··· PROVIDED DATA

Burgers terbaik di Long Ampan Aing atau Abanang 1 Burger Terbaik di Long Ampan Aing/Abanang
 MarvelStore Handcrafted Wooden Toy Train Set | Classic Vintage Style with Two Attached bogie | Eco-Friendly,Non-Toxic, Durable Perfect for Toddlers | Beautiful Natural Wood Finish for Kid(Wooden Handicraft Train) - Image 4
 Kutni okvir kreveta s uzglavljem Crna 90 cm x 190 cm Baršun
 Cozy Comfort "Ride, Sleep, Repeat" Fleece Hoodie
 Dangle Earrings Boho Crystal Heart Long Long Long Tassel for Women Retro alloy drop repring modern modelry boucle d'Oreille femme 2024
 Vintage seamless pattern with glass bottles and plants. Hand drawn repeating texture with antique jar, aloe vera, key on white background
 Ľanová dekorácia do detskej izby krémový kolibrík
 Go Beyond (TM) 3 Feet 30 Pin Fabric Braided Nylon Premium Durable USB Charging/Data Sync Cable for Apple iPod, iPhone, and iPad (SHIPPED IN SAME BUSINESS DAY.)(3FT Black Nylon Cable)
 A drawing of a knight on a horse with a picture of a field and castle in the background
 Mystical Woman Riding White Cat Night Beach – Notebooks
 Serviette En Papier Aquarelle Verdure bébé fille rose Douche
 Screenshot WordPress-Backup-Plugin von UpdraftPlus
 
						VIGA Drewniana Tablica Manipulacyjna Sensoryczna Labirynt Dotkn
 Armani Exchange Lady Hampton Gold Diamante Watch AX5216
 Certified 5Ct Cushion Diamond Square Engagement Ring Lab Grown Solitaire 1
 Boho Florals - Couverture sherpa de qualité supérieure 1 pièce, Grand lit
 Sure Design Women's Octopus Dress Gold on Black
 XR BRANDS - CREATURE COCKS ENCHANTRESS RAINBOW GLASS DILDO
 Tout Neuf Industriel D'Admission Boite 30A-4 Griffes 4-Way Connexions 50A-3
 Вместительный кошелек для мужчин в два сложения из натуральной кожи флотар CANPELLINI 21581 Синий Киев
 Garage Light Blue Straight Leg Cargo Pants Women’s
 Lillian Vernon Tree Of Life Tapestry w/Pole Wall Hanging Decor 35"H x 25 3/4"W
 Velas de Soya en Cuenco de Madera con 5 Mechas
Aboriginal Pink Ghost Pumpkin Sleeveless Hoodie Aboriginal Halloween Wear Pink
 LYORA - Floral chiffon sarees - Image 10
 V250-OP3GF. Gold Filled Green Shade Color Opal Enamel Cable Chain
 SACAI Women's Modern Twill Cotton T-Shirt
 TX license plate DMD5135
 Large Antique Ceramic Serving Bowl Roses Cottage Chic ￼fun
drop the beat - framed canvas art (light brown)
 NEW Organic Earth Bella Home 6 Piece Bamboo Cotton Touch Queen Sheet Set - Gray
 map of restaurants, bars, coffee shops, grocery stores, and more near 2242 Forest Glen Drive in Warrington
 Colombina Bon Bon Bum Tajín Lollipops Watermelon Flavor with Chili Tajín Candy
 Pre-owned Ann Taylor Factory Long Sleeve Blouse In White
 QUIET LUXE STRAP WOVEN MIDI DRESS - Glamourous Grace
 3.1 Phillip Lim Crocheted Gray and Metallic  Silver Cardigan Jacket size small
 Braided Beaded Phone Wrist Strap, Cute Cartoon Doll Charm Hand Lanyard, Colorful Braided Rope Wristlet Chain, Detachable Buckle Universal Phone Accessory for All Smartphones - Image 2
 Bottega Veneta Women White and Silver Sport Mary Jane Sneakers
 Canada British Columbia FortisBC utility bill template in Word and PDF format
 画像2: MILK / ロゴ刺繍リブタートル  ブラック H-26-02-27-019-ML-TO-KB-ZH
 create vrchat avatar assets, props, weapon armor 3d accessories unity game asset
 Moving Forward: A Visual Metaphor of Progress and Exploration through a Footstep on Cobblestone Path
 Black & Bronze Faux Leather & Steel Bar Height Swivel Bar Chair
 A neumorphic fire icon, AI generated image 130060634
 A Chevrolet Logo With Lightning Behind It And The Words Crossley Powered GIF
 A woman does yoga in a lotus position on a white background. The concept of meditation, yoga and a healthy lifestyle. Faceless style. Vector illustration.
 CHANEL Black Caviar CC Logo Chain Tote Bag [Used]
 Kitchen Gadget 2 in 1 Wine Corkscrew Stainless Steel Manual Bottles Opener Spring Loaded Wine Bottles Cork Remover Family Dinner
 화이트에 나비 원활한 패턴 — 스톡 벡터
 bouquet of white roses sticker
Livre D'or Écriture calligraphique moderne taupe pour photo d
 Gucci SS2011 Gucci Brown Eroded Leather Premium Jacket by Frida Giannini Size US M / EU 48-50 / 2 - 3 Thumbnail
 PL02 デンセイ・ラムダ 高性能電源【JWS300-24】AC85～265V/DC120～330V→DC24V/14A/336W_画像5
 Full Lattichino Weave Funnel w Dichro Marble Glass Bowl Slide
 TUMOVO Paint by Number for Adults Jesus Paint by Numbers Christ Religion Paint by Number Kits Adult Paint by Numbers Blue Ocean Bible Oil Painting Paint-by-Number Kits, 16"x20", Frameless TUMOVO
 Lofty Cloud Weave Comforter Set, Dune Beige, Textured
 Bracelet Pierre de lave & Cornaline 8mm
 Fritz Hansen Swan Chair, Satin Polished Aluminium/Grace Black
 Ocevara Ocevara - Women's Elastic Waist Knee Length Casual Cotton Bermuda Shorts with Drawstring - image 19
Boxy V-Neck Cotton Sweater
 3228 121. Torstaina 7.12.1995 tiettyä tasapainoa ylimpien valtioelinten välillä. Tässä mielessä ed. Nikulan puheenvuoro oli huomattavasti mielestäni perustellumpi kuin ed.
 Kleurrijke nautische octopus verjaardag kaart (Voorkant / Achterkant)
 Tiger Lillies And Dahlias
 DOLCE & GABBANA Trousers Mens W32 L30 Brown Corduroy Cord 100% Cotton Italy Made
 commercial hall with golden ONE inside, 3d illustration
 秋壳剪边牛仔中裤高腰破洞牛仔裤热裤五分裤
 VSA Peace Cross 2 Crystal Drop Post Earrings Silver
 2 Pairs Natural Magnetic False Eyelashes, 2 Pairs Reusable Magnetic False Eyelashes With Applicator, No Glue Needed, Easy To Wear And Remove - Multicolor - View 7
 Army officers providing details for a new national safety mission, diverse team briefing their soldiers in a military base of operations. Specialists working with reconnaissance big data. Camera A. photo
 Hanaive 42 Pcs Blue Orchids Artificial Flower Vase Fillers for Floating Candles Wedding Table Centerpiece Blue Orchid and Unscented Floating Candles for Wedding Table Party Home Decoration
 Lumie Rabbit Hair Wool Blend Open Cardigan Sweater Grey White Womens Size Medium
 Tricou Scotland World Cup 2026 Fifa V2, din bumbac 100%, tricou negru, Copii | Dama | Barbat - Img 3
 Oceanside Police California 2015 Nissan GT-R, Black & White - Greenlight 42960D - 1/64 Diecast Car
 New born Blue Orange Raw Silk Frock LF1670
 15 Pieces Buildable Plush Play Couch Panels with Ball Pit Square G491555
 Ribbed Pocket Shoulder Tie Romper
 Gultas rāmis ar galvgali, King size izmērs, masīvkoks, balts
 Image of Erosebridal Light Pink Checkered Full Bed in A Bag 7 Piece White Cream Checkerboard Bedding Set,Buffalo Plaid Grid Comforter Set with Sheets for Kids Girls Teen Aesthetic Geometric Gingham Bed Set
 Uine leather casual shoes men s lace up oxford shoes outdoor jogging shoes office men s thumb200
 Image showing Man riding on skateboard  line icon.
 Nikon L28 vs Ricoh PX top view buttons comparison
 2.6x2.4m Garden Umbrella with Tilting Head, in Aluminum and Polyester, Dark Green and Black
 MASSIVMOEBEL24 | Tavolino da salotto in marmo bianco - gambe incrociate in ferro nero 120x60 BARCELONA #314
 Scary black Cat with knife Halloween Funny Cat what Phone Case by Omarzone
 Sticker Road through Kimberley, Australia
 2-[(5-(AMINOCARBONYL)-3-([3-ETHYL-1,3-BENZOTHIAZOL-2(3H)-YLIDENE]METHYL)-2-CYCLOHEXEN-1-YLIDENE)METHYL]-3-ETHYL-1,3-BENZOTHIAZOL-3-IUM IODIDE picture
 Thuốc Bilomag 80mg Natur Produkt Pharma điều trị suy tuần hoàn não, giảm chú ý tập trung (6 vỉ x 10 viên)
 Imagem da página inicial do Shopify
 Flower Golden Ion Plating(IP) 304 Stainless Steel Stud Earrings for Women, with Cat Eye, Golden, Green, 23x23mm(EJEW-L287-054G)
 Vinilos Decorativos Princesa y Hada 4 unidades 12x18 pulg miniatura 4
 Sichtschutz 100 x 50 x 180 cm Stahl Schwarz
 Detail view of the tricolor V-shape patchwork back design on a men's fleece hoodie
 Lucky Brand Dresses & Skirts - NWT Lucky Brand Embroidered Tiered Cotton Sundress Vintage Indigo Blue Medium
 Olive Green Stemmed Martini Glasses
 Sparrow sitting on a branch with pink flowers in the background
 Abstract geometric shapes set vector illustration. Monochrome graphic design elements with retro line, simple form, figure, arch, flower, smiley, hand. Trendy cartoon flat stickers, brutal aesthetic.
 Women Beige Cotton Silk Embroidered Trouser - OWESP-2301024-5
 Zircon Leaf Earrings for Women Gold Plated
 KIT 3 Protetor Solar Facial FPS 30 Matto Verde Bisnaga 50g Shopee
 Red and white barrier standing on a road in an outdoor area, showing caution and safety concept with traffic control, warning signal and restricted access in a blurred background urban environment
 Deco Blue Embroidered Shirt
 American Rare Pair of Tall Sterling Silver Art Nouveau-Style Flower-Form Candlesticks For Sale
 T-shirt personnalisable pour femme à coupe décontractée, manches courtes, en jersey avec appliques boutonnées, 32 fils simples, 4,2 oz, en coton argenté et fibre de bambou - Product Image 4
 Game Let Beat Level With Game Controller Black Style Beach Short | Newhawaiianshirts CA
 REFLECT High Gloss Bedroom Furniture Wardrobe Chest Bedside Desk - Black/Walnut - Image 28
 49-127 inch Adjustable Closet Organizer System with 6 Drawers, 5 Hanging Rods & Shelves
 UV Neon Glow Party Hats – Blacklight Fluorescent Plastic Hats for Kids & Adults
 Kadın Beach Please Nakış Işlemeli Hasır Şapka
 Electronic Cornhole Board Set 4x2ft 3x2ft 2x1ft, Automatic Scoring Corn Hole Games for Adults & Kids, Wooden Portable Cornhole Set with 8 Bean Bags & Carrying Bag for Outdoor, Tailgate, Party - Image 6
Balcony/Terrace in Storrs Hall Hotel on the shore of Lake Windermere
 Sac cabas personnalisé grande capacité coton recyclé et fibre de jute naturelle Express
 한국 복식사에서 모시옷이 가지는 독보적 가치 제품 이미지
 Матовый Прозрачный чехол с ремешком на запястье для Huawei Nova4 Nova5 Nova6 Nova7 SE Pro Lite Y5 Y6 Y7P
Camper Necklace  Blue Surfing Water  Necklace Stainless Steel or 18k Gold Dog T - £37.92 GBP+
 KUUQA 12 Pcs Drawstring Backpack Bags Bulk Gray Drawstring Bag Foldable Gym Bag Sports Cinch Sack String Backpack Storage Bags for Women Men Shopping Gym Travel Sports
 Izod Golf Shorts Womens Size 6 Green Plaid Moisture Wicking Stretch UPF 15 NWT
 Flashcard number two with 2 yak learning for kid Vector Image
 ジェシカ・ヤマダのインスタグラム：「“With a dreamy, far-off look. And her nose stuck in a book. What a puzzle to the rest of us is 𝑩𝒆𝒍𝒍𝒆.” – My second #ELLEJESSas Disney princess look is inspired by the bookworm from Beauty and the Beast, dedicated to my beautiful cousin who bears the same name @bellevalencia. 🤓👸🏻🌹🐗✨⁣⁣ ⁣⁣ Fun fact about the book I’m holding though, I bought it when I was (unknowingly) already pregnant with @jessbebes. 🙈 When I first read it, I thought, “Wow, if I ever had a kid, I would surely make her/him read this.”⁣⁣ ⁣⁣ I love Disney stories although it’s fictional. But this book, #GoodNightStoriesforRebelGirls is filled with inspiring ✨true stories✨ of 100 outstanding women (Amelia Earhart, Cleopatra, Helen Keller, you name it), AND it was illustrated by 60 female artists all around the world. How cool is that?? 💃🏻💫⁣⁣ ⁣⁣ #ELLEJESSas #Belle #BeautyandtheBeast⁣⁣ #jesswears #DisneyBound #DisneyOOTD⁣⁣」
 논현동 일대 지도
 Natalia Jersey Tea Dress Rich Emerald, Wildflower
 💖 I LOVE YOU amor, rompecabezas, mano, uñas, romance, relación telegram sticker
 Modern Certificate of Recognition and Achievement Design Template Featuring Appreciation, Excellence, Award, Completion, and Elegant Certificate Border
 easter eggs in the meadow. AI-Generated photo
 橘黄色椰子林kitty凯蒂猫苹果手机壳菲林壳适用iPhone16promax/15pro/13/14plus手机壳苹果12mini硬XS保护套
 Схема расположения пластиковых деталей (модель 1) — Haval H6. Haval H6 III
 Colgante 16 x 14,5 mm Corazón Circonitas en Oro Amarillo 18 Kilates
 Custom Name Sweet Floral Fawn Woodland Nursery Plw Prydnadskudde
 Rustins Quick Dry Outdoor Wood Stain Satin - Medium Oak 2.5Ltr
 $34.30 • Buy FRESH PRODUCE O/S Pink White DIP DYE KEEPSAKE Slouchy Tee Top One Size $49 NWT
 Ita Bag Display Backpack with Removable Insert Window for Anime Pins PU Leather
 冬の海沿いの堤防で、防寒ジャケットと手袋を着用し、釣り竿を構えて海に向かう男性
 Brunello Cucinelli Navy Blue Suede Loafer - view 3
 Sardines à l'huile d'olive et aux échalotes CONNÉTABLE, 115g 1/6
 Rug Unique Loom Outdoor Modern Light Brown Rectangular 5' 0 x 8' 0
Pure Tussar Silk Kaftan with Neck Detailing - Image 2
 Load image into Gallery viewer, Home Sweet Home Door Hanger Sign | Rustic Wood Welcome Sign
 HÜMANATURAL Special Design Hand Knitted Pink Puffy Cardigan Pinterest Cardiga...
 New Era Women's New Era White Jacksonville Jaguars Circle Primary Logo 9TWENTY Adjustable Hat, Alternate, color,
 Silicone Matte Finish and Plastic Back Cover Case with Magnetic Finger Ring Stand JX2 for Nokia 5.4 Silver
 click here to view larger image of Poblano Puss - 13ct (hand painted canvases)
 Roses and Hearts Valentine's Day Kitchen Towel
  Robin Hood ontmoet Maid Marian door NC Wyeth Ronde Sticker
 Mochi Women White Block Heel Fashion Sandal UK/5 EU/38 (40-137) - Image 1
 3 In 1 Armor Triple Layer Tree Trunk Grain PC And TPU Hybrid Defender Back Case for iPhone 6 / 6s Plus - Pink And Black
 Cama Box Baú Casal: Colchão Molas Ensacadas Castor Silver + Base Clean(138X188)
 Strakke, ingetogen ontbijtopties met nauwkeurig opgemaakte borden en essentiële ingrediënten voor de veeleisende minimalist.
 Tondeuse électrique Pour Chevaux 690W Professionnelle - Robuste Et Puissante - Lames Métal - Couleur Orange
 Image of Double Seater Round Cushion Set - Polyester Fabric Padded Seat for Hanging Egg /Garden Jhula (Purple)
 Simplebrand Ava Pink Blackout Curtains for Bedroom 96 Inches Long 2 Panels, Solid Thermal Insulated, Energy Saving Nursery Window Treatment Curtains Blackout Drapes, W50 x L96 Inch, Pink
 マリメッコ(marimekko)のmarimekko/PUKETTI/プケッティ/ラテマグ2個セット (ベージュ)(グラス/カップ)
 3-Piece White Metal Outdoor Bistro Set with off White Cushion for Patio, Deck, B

······

» **ASSIGNMENT**: Your answer should consist of all lines above that include the string "Cable".

» **FINISHED EXERCISE**:
 Go Beyond (TM) 3 Feet 30 Pin Fabric Braided Nylon Premium Durable USB Charging/Data Sync Cable for Apple iPod, iPhone, and iPad (SHIPPED IN SAME BUSINESS DAY.)(3FT Black Nylon Cable)
 V250-OP3GF. Gold Filled Green Shade Color Opal Enamel Cable Chain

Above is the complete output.